No tener nadie a quien escribir es sentirse como un poeta muerto. No consigo teclear porque no focalizo, no sé a qué hacerlo. Escucho música para inspirarme ahora que es de noche, pero no sale nada. Me siento muerto por dentro y estoy harto de conocer a personas que pasan por mi vida como el metro, sólo que no hay línea circular y no me monto. Las monto, pero eso no es suficiente. En cuanto termino me lanzo al vacío, huyendo de su abrazo, y lo que es peor, huyendo del mío. Hace mucho que no doy un abrazo sincero, de esos que surgen espontáneamente y llenan de luz un dia gris de febrero. 

Madrid es una ciudad que devora almas como quien devora caramelos. Prisas para ir a todas partes, cafés de quince minutos y noches etílicas en las que no sé cómo vuelvo a casa. Conocer se me antoja difícil, si antes de saber si su perro murió cuando era niña, me he corrido en su cuerpo y he escapado por la ventana. Haciendo trucos de escapismo para no volver a verlas, llorando en las aceras de noche mientras se limpian las calles, tratando de que esa manguera arrastre mis lágrimas y limpie mi alma.

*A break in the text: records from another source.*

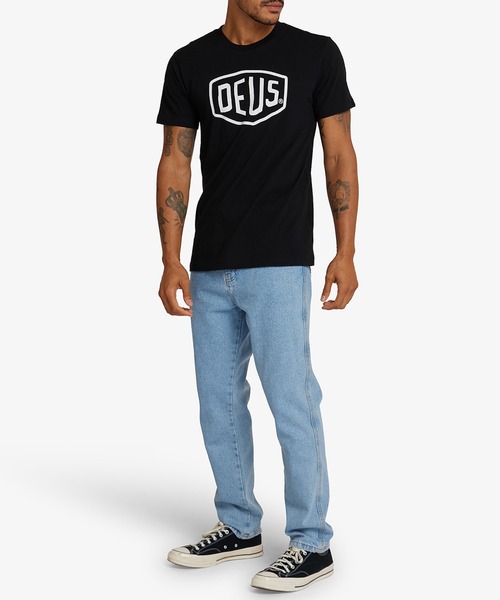DEUS EX MACHINA(デウスエクスマキナ)の「SHIELD TEE(Tシャツ/カットソー・メンズ・ホワイト/ブラック/ネイビー・X-SMALL/MEDIUM/SMALL/LARGE/X-LARGE)」の8枚目の写真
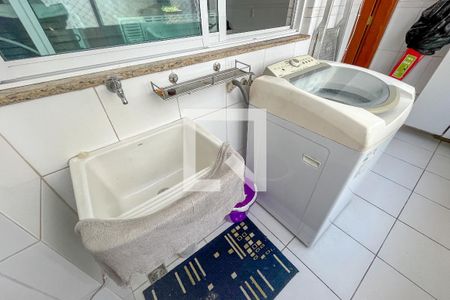 Apartamento à venda com 200m², 4 quartos e 3 vagas Apartamento à venda com 200m², 4 quartos e 3 vagasÁrea de Serviço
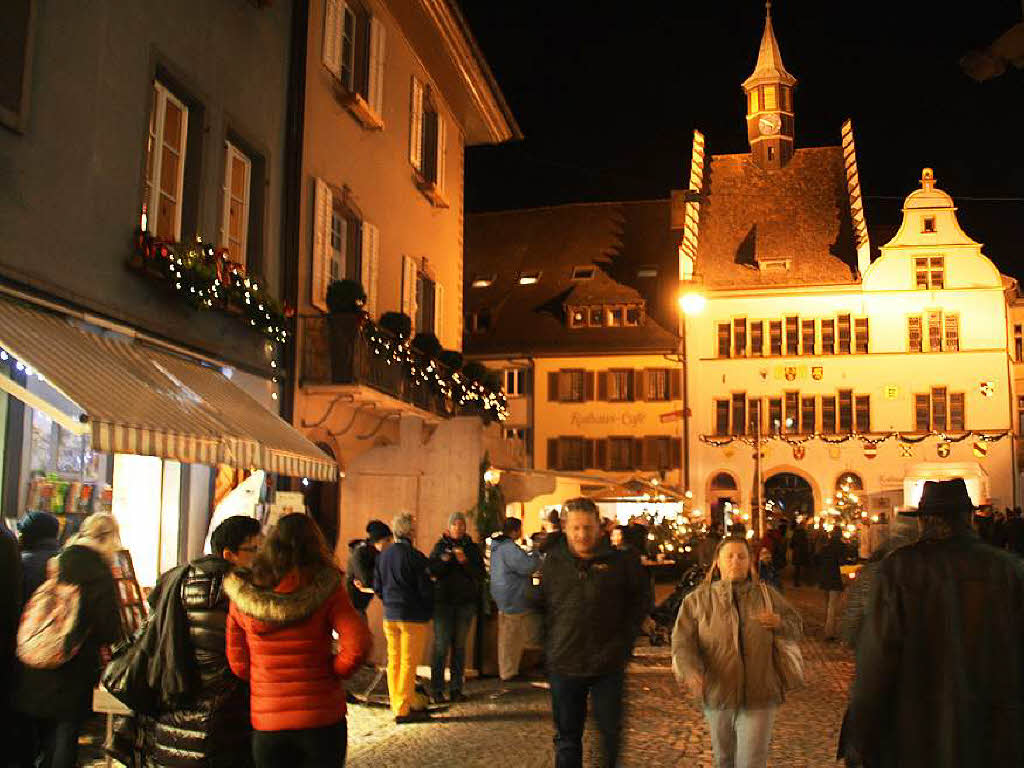 Weihnachtliche Stimmung bei der 4. Staufener Lichternacht.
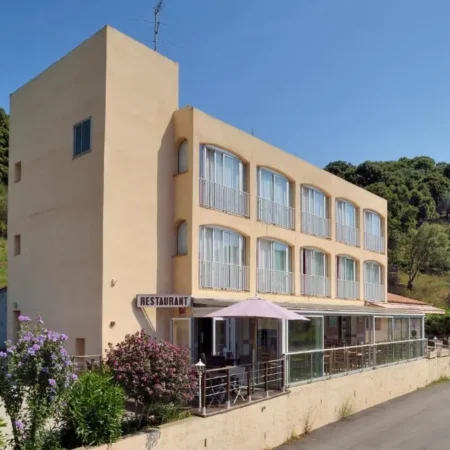 Hotel Alata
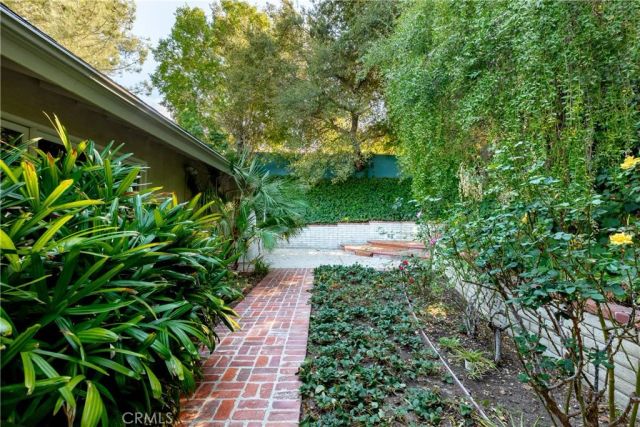 4421 Rochelle Place, Encino, CA 91316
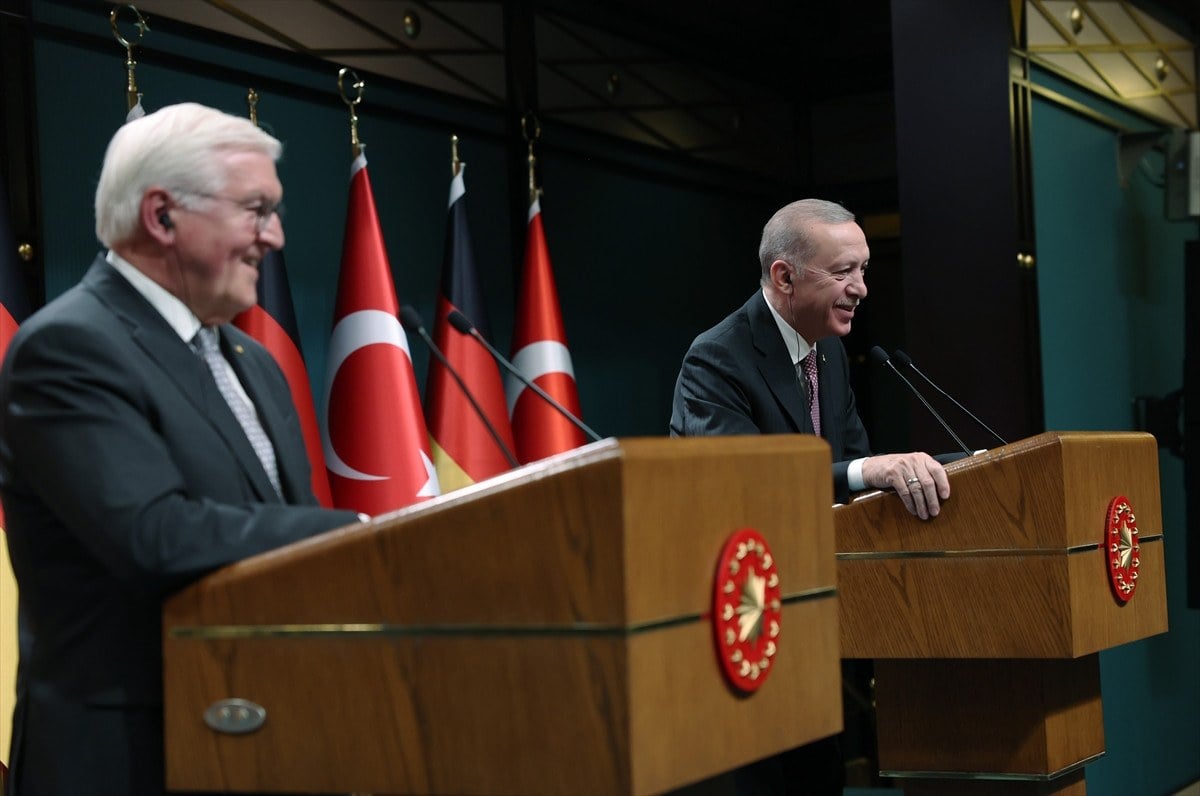 1713967351 835 Cumhurbaskani Erdogan ve Steinmeiere doner sorusu soruldu Herhalde Istanbulda bitirildi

Me encuentro en standby, necesito que alguien me encienda. Quiero un sábado bailando de noche, y acabar follando en cualquier portal de Malasaña. Que sea domingo y te despiertes a mi lado, tarde de calcetines, palomitas y sofá. Que difícil encontrarte, mi brújula se ha roto y doy vueltas que me llevan a ninguna parte. Naturaleza muerta como las de los cuadros del Prado, así está el jardín que hay dentro de mí. Las malas hierbas se adueñan de todo, pero son parte de algo más hermoso y no me atrevo a cortarlas. Creo que ahora vivo escondido en ellas, me protegen  y me siento a salvo entre ellas, agazapado.


No tener a nadie a quien escribir es sentirse como como un pintor sin lienzo. Mientras apareces seguiré bebiendo el fin de semana, follando y llorando donde nadie pueda verme, ni oírme.